In the recent case of Co-operative Group Ltd v Birse Developments Ltd (In Liquidation) and Others, England’s Technology and Construction Court held that a building contractor’s claim in tort against its subcontractors accrued on or before practical completion and was therefore time-barred in this case. It was also held that a failed assignment of a collateral warranty did not give rise to a trust of the benefit of that warranty.
Birse Developments Ltd (“Birse”) was the design and build main contractor for the construction of a warehouse. Birse’s subcontractors included Stuarts Industrial Flooring Ltd (“Stuarts”), Jubb & Partners (“Jubb”) and Geofirma Soils Engineering Ltd (“Geofirma”).
Building of the warehouse was completed in September 1998, after which it was leased to Co-Operative Retail Services Ltd (“CRS”). Collateral warranties were given to CRS by Birse, Stuarts and Jubb. The Stuarts and Jubb warranties provided that they could be assigned twice without the warrantor’s consent, but thereafter could only be assigned with consent. CRS assigned the Jubb warranty to the Co-operative Group Ltd (“CG”) who in turn assigned the warranty and underlet the warehouse to Woolworths. After Woolworth’s collapse, the warranty was assigned back to CG. Consent was not obtained for the last assignment.

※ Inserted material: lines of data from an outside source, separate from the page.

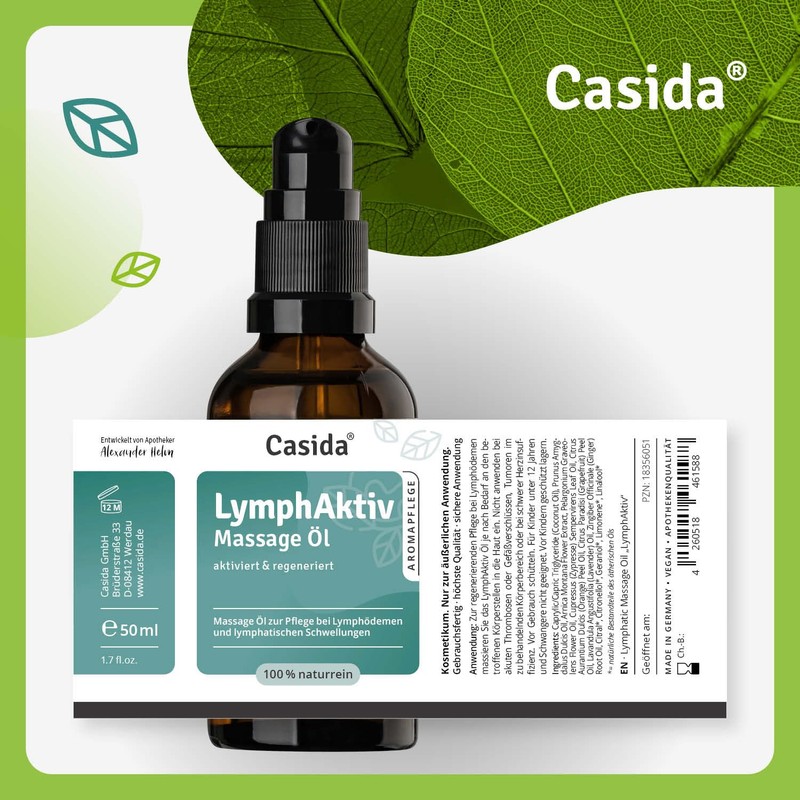 Casida LymphAktiv Massage Oil - Stimulating Massage Oil Made from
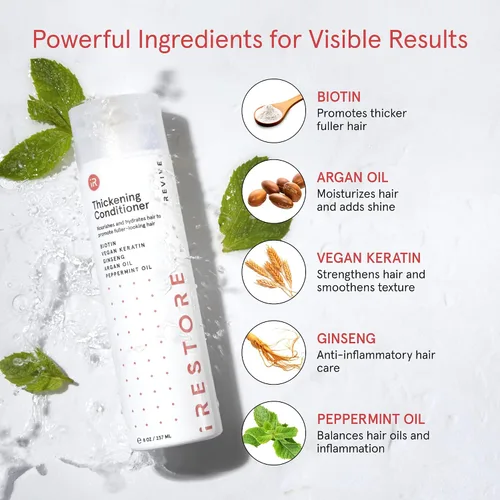Vista 3 de iRESTORE Acondicionador de cabello biotina para cabello seco dañado, bueno para el crecimiento del cabello fino, acondicionador voluminizador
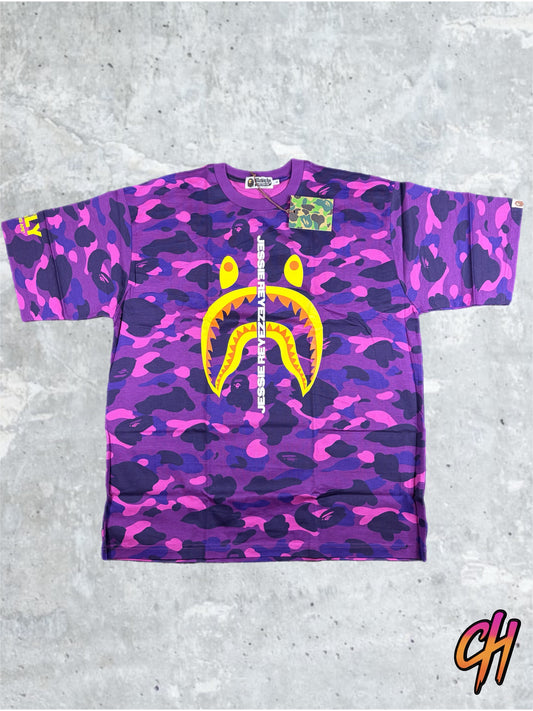 BAPE X Jessie Reyez Purple Shark Camo T-Shirt Size Large
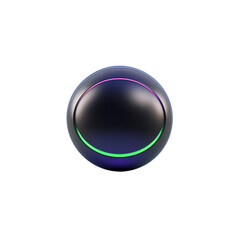Aufkleber - Futuristic Orb with Neon Light Ring Abstract 3D Render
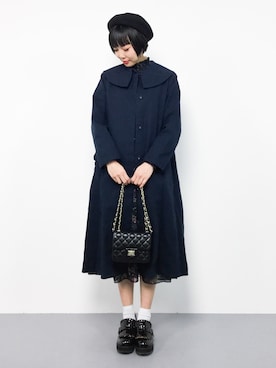 「chambre de charme（シャンブルドゥシャーム）のアイテム（その他アウター）」を使った、ambiさん（レディース・160cm）の冬コーディネート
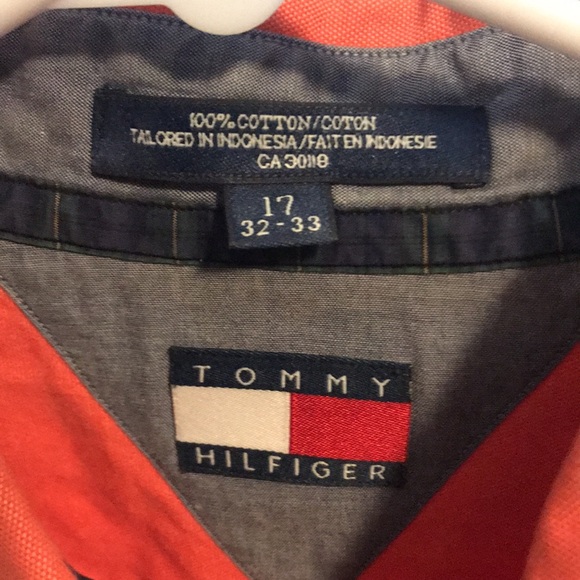 Tommy Hilfiger salmon colored button up shirt neck size 17 - Picture 3 of 6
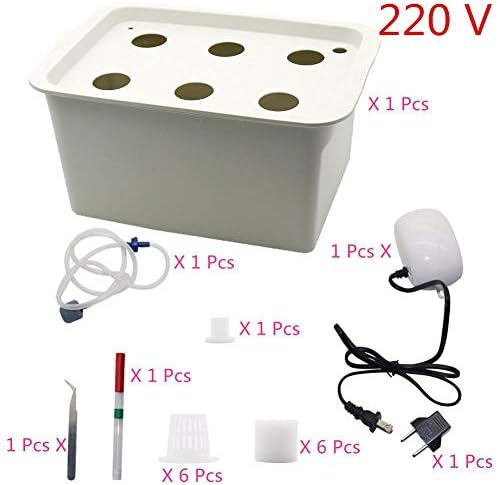TOLOVI 6 Holes Plant Site Hydroponic Garden Pots Planters System Indoor Garden Cabinet Box Grow Kit Bubble Nursery Pots 220V/110V 1 Set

In September 2010 (about 12 years after practical completion), CG commenced proceedings against Birse for defects in the construction of the warehouse. Birse, in turn, commenced proceedings against its subcontractors, Stuarts, Jubb and Geofirma for the defects in question.
Two issues to be determined by he court
The court ordered a trial of two preliminary issues, namely:-
The Limitation Issue
The Court held that Birse’s claims in negligence against Jupp and Geofirma were time barred under section 2 of the Limitation Act 1980, which required an action founded in tort to be brought within six years from the date on which the cause of action accrued.
Birse had argued that the six years did not start to run until the claim by CG was intimated or commenced. Jubb and Geofirma argued that time started to run on the handover of the relevant works or on practical completion.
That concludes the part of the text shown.